Louise Slaughter - Early Life, Education, and Early Political Career

Early Life, Education, and Early Political Career

Slaughter was born Dorothy Louise McIntosh to Oscar Lewis (Mack), a blacksmith for a coal mine, and Daisy Grace McIntosh on August 14, 1929, in Lynch, Kentucky, a coal mining town built by a subsidiary of U.S. Steel. Slaughter had two brothers, Philip and David as well as two sisters, Marjorie and Virginia. Her sister Virginia died of pneumonia while she was a child; Slaughter would later cite this as her reason for earning degrees in microbiology and public health.
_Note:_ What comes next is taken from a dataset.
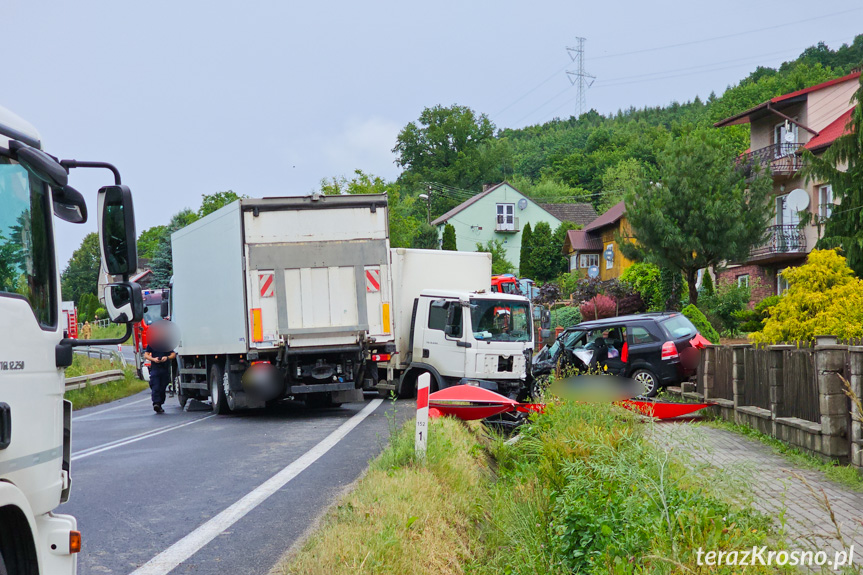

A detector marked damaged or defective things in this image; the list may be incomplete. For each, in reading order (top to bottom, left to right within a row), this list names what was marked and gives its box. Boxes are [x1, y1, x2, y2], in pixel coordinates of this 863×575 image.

crashed dark suv [528, 312, 704, 398]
The family moved to Monticello, Kentucky, where Slaughter attended high school. After graduating from high school, she enrolled at the University of Kentucky in Lexington, Kentucky, where she studied microbiology. After graduating with a bachelor's degree, she went on to earn a master's degree in public health, also from the University of Kentucky.

After graduate school, she went to work for a major chemicals manufacturer doing market research. Already involved in community groups like the Scouting in New York and the League of Women Voters, Slaughter became increasingly concerned with local political and community issues. She was involved in a local environmental group, the Perinton Greenlands Association, which promoted recycling and opposed development of Harts Woods. Slaughter decided to run for the Monroe County Legislature, winning on her third try. One and a half terms into her service on the County Legislature, she accepted an offer from then- New York Secretary of State Mario Cuomo to serve as his regional coordinator in the Rochester area. When Cuomo was elected lieutenant governor, Slaughter stayed on as his Rochester regional coordinator.

In 1982 local Democrats approached Slaughter with a desire to see her run for the New York State Assembly against the United States Republican Party incumbent Tom Hanna, whom she eventually defeated by a narrow margin. She was reelected by 10 points in 1984.